Explains observability importance for modern distributed cloud systems, describing telemetry types, placement in architectures, and benefits for business and engineering teams.
This lesson explains how system architectures have evolved, why observability is essential for modern distributed systems, and where to place telemetry to gain actionable insights for both business and engineering teams.
Over time we moved from single, bundled applications to highly distributed systems. Monoliths—where frontend, backend, integration layers, and databases were packaged together—gave way to services that run across many hosts, regions, and platforms. This architectural shift accelerated with widespread public cloud adoption.
Hosting models also evolved: from on-premises data centers to public and private clouds, and now to hybrid and multi-cloud deployments that span multiple providers and regions. This diversification adds operational complexity and increases the need for consistent visibility across environments.
Historically, in-house monoliths ran on application servers and platform stacks such as Microsoft IIS or Linux-based application hosts and connected to local databases.

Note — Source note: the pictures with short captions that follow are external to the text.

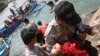 18 Migran Ditangkap di Lepas Pantai Jawa Barat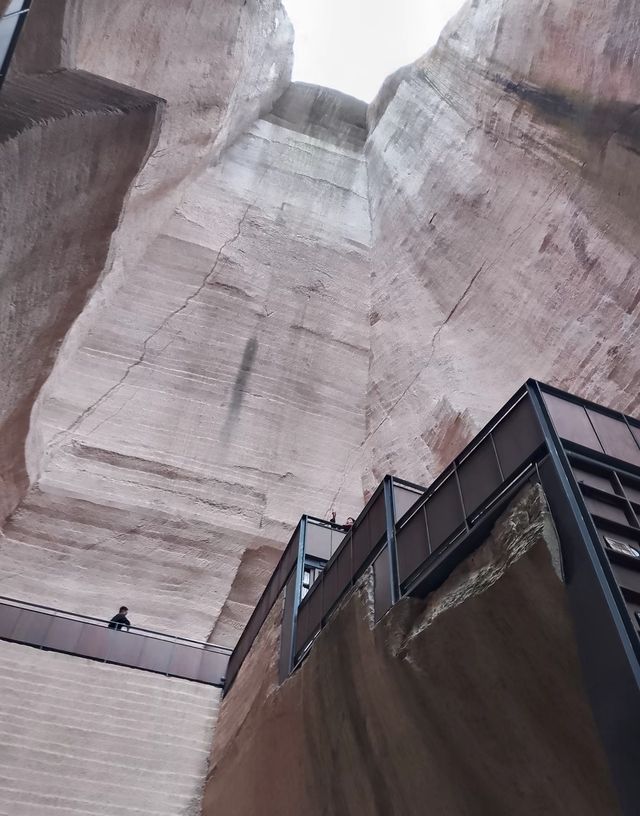 縉雲小黃山徒步攻略|小眾秘境+徒步時長全解鎖 縉雲小黃山徒步攻略|小眾秘境+徒步時長全解鎖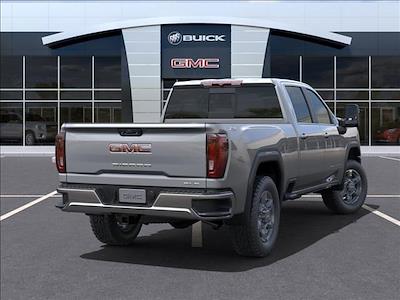 New 2025 GMC Sierra 2500 SLE Crew Cab 4x4 Pickup for sale #300592 - photo 2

Today’s distributed systems run across regions and cloud providers and often use orchestration and managed platforms like Kubernetes, Azure App Service, and Google Cloud Run.
Distributed architectures and multi-cloud deployments make root-cause analysis and performance tuning more challenging. Observability provides the telemetry and context teams need to understand system behavior, reduce mean time to detection (MTTD), and shorten mean time to resolution (MTTR).
For business teams: observability turns raw telemetry into actionable business insights and user behavior data, helping prioritize product and operational decisions.
For engineering teams: it accelerates detection of performance regressions, pinpoints optimization opportunities, and improves incident response.
Observability is the practice of deriving meaningful insight about system state and behavior from telemetry data—metrics, traces, and logs—so teams can diagnose issues, predict problems, and optimize performance.
Use a combination of telemetry to get a complete view of system health and performance:
Telemetry
What it measures
Typical example
Primary use
Metrics
Numeric measurements over time
250 ms average request latency
Trend analysis, alerting, SLA tracking
Traces
Distributed request flow and timing
Trace showing a slow DB call across services
Root-cause analysis for slow requests
Logs
Discrete events and error details
”Error: failed to connect to database”
Forensic diagnosis and context
Error counts
Aggregate failure rates
130 HTTP 500 errors in the past hour
Detecting spikes in failures, alerting
Combining these signals lets teams quickly triangulate the source of problems—e.g., a latency spike in metrics, traces that identify a slow downstream service, and logs that show the exception.
Observability should be integrated end-to-end: from the user device through API gateways and integration layers, into microservices or serverless functions, and down to data stores and infrastructure. Instrument the cloud platform, orchestrator, and underlying infrastructure to avoid blind spots.